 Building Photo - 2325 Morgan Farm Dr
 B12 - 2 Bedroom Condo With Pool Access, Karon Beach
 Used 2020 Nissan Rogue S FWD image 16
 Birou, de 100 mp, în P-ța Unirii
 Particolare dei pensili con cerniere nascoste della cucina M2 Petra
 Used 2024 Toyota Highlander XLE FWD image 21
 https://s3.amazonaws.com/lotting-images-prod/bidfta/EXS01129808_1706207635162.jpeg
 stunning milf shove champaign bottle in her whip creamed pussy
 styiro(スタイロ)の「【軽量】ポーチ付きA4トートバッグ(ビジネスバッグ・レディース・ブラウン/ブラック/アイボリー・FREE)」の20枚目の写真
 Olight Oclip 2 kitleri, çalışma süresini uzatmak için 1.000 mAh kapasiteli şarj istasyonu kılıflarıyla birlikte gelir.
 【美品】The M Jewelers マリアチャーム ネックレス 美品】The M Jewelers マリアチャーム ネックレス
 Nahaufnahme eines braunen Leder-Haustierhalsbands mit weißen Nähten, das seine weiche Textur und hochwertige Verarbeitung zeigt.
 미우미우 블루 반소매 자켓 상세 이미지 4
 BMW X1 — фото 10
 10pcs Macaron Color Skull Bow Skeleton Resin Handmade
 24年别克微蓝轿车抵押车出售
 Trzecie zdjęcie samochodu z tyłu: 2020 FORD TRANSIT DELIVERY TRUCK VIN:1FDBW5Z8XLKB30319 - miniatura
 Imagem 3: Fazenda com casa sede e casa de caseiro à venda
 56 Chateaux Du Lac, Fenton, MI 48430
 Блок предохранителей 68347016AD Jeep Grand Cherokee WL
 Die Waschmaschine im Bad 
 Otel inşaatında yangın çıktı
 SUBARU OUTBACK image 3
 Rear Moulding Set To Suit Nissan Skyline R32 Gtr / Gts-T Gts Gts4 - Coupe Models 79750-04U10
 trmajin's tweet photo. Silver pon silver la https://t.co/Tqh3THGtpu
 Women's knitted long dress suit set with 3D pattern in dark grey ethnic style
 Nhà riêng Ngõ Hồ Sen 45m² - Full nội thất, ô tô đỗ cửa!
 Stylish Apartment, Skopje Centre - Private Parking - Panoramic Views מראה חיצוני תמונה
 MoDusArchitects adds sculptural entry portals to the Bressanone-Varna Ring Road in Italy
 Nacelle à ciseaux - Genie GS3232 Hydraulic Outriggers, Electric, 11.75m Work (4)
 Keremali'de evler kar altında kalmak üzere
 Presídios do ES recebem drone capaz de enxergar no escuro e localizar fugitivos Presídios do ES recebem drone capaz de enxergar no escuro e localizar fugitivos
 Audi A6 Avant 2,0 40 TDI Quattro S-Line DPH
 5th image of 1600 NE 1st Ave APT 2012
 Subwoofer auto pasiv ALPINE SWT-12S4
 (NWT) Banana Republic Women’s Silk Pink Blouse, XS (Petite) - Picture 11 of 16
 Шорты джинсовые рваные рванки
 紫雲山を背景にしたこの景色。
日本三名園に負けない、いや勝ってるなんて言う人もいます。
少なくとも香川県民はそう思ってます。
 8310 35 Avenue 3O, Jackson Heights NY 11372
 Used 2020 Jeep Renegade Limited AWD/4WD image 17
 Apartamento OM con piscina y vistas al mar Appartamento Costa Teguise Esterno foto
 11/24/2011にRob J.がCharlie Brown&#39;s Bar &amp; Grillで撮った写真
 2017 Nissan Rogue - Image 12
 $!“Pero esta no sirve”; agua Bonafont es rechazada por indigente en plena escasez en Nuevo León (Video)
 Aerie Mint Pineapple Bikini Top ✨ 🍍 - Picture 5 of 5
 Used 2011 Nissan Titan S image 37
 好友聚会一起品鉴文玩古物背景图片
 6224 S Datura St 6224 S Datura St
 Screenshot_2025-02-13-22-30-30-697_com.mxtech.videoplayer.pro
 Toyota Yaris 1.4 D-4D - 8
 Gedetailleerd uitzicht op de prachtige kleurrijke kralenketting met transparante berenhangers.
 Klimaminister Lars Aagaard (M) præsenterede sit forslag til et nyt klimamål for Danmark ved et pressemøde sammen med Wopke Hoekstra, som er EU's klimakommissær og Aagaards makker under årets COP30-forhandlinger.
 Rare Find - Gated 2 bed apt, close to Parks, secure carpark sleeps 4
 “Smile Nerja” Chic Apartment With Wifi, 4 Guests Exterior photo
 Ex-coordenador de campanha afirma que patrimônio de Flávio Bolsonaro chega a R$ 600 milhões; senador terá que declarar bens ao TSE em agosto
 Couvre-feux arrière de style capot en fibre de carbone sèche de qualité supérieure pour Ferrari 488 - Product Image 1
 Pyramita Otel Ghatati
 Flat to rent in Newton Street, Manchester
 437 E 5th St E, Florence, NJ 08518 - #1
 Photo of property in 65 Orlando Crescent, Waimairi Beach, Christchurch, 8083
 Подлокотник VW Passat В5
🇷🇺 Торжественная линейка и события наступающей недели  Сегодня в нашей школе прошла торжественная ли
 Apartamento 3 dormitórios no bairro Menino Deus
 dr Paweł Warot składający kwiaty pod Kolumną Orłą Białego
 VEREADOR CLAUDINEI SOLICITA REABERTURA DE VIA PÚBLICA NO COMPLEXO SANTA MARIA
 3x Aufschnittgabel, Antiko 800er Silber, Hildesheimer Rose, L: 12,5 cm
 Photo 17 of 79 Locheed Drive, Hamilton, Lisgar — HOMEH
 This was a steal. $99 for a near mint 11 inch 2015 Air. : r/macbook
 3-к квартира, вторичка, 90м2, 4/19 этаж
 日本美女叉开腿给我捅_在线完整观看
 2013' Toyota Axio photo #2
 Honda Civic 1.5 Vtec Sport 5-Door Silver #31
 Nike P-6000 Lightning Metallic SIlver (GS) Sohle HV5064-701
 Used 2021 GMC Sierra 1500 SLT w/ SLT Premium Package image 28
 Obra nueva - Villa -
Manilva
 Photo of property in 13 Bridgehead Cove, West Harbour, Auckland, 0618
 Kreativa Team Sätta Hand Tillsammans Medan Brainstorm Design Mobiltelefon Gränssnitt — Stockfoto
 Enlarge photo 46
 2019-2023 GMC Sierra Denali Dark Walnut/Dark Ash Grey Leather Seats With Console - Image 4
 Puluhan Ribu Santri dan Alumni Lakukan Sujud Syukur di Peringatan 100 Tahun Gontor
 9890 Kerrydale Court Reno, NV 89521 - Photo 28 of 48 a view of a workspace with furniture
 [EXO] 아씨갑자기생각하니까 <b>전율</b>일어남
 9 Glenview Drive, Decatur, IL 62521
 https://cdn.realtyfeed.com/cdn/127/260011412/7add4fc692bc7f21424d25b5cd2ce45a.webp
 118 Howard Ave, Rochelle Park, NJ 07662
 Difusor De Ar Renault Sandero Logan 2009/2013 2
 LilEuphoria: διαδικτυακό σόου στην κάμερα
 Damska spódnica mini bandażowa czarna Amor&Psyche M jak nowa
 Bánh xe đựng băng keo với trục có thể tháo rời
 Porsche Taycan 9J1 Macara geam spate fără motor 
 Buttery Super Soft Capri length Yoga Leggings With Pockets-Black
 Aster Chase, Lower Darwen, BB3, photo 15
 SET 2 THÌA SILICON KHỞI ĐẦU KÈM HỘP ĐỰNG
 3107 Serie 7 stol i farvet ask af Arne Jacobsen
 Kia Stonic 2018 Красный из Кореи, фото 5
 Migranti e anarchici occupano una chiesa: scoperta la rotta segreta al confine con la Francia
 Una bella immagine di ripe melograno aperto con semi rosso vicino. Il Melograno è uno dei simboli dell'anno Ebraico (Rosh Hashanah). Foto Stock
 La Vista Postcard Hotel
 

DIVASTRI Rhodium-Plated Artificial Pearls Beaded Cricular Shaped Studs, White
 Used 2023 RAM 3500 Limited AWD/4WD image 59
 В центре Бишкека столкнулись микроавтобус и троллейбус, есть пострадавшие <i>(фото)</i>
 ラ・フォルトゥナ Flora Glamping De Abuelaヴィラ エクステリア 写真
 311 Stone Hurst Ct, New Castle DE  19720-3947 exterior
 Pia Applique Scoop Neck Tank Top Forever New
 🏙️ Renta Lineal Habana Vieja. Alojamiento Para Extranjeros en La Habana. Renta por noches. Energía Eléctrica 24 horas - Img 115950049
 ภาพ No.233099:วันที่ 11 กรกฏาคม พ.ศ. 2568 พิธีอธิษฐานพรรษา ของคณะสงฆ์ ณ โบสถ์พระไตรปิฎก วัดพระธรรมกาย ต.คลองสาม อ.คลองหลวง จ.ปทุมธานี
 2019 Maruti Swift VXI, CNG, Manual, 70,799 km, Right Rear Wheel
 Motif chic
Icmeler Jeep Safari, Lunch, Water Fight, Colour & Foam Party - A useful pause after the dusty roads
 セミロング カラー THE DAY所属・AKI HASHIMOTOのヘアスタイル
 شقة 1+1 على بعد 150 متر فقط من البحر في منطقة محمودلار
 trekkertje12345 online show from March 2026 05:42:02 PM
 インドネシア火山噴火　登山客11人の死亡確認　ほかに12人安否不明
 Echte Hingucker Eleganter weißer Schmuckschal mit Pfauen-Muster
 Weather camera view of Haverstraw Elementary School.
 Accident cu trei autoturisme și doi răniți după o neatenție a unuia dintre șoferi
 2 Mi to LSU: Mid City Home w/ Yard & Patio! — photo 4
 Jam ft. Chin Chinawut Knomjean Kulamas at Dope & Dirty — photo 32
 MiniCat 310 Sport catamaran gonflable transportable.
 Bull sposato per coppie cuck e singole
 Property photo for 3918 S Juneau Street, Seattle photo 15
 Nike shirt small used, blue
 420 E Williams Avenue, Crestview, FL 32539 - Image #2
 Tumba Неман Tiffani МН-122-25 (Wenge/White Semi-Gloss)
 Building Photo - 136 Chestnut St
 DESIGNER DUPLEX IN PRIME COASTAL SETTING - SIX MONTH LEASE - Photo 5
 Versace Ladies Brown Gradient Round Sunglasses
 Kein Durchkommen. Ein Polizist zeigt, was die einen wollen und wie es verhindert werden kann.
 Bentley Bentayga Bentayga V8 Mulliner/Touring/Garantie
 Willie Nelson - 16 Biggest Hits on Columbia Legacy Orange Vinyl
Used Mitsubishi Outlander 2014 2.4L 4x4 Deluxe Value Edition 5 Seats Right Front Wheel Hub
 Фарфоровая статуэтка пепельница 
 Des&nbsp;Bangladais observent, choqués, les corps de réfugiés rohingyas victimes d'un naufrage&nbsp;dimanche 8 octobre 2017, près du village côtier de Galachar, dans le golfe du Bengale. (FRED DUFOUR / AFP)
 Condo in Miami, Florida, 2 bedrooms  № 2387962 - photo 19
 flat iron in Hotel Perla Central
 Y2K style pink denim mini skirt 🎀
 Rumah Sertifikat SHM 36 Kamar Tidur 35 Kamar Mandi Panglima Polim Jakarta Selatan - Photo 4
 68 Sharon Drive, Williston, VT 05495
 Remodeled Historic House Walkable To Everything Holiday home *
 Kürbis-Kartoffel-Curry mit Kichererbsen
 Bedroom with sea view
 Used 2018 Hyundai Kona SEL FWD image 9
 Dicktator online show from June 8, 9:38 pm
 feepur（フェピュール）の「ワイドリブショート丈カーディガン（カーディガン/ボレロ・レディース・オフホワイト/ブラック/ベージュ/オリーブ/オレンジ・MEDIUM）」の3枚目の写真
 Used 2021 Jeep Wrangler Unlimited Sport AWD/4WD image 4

══════

Wherever "Rogue" appears in a line of the entries, copy that line.

 Used 2020 Nissan Rogue S FWD image 16
 2017 Nissan Rogue - Image 12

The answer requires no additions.